Dossier IM67018007 réalisé en 2007

Fiche

Dénominations instrument de mesure de la température
Aire d'étude et canton Strasbourg
Adresse Commune : Strasbourg
Adresse : 3, 5 rue de l' Université

Ce pyromètre à disparition de filament, dont le prototype a probablement été conçu par Gustave Ribaud, permet de mesurer les températures d'un objet très chaud, sans contact (pièce de métal chauffée au rouge, coulée de métal en fusion, lave s'écoulant d'un volcan etc). Grâce au dispositif optique, on vise l'objet chaud dont on veut mesurer la température.
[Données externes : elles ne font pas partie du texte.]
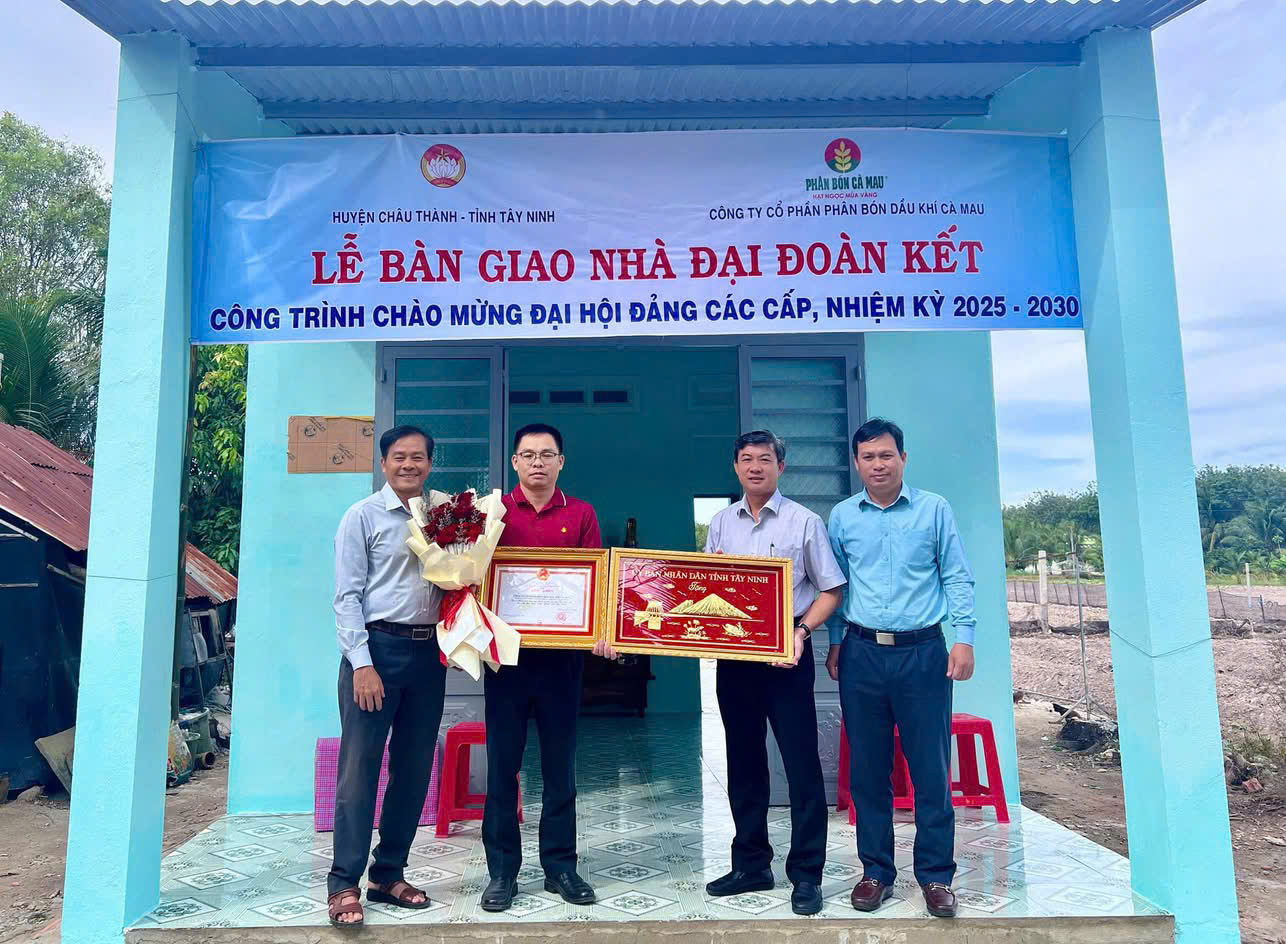  Đồng chí Trương Văn Hoàn - Bí thư Huyện ủy Châu Thành trao Bằng khen của Chủ tịch UBND tỉnh Tây Ninh cho đại diện nhà tài trợ tại lễ bàn giao nhà Đại đoàn kết.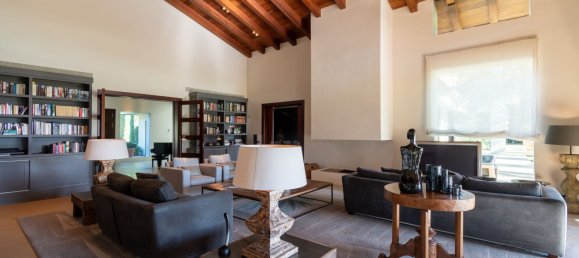 8 bedrooms Villa in Malaga, Spain No. 137963 10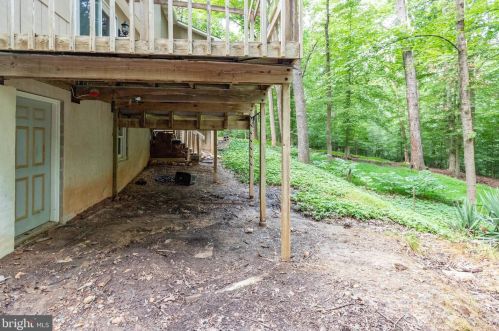 4882 Wood Lilly Ct, Woodbridge VA  22192-6137 exterior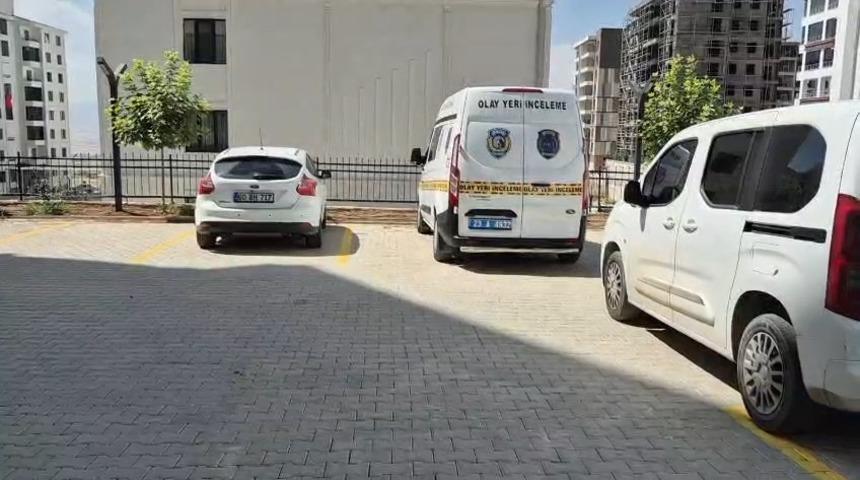 Başkomiser eşini evinde biriyle g&ouml;rm&uuml;şt&uuml;! Yaşanan cinayetle ilgili yeni gelişme: '&Ouml;ld&uuml;rmek i&ccedil;in değildi...'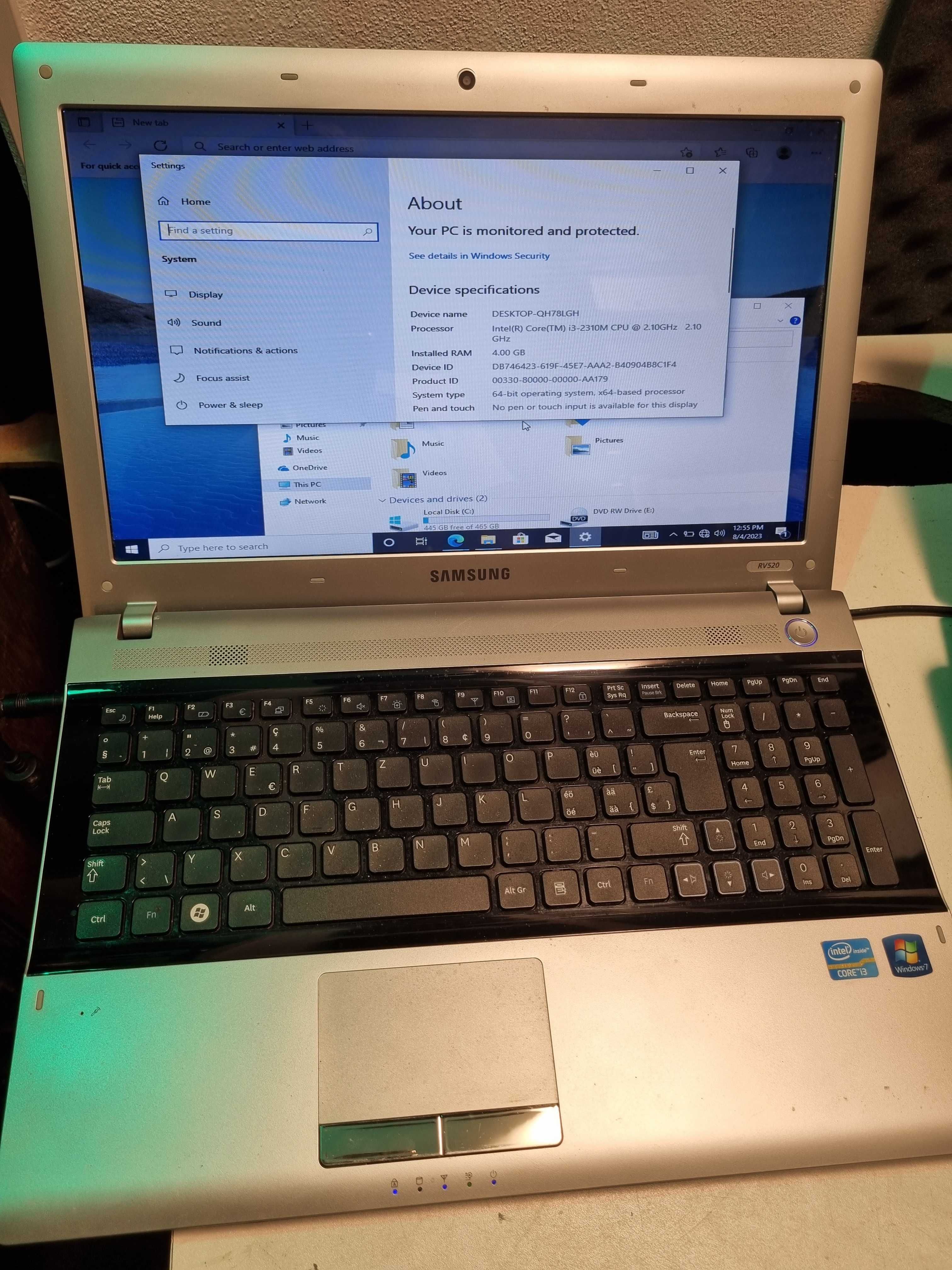 Laptop "15.6 Samsung RV520 i3 2310m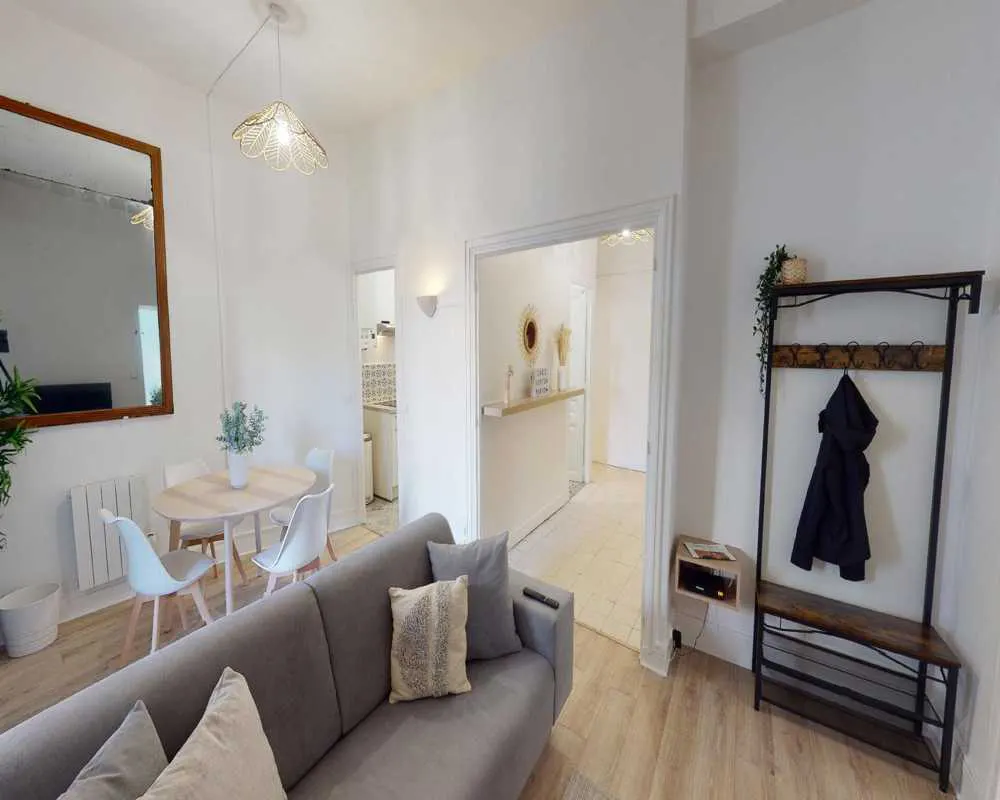 Private room in Quai d'Anjou, Paris (1458778) COMMON_AREA 3
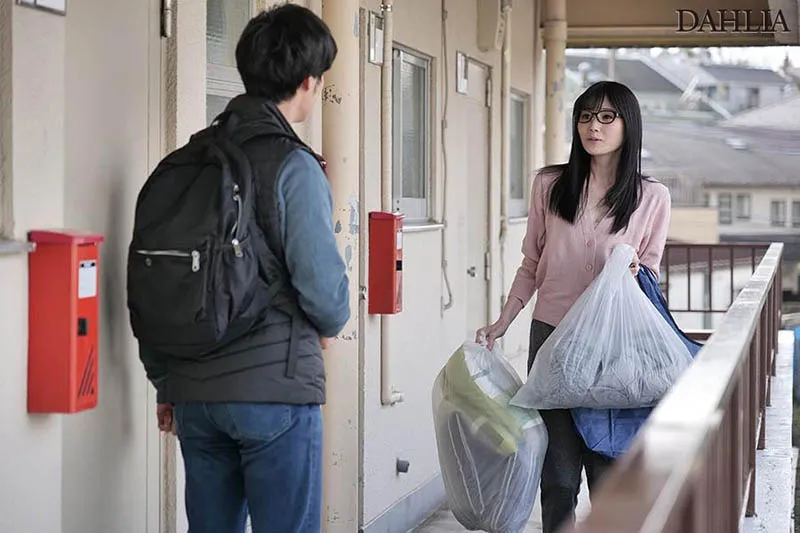 明里つむぎ作品JUQ-907资料介绍与封面信息整理-全面游戏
Devant l'image de cet objet est interposé un filament chauffé par effet joule. Si le filament est à la bonne température, il se confond avec l'image de la source, on ne le distingue plus, d'où le qualificatif "à disparition de filament". L'appareil a été fabriqué par la maison Jobin & Yvon, spécialisée en optique et spectroscopie. Fondée en 1923 par deux polytechniciens, Amédée Jobin et Gustave Yvon, elle a pour origine la maison Laurent et Soleil, établie en 1819. Ce modèle, fabriqué dans les années 1950, était probablement utilisé à l'origine dans le laboratoire de Serge Nikitine, dans le cadre de ses travaux en spectroscopie et pyrométrie. A partir des années 1960 et jusque dans les années 1990, il est employé dans les travaux pratiques en optique.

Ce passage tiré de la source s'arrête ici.